* TASK REQUIREMENTS
Would you repeat exactly the part of the listing below that runs from the line containing "2019 Land Rover Discovery SD6 SE Series 5" down to the line containing "Nincs tartalék ár", inclusive, and nothing else?
RECORDS PROVIDED below:
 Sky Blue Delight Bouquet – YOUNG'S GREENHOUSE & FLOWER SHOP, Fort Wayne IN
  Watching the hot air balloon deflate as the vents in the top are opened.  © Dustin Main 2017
End of RECORDS PROVIDED.
RECORDS PROVIDED below:
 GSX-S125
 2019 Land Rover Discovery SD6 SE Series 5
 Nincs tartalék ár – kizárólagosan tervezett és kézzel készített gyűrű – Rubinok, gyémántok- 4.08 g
End of RECORDS PROVIDED.
* RESULT OF THIS TASK
 2019 Land Rover Discovery SD6 SE Series 5
 Nincs tartalék ár – kizárólagosan tervezett és kézzel készített gyűrű – Rubinok, gyémántok- 4.08 g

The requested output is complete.